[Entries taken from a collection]

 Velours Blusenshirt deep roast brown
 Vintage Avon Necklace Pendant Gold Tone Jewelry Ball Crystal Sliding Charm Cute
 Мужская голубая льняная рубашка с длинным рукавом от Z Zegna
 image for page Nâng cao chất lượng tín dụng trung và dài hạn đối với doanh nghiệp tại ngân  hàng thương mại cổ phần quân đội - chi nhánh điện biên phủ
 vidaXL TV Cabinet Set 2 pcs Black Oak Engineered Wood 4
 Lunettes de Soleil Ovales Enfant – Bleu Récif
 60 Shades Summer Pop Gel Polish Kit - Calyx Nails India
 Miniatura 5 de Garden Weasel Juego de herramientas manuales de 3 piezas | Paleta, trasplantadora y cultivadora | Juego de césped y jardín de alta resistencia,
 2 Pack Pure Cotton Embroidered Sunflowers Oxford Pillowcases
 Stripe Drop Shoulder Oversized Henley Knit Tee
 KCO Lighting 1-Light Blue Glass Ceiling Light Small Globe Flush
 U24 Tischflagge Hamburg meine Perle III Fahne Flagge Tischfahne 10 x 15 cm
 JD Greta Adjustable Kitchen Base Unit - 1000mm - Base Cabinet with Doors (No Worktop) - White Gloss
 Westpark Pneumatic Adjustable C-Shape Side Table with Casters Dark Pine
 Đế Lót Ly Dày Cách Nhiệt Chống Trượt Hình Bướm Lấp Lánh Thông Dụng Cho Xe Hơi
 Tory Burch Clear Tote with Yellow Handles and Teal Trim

### [EXERCISE GOAL]
Taking the line with "JD Greta Adjustable" as the start and the last line of the data above as the end, write out those two lines and every line between them exactly, and only those.

### [EXERCISE OUTPUT]
 JD Greta Adjustable Kitchen Base Unit - 1000mm - Base Cabinet with Doors (No Worktop) - White Gloss
 Westpark Pneumatic Adjustable C-Shape Side Table with Casters Dark Pine
 Đế Lót Ly Dày Cách Nhiệt Chống Trượt Hình Bướm Lấp Lánh Thông Dụng Cho Xe Hơi
 Tory Burch Clear Tote with Yellow Handles and Teal Trim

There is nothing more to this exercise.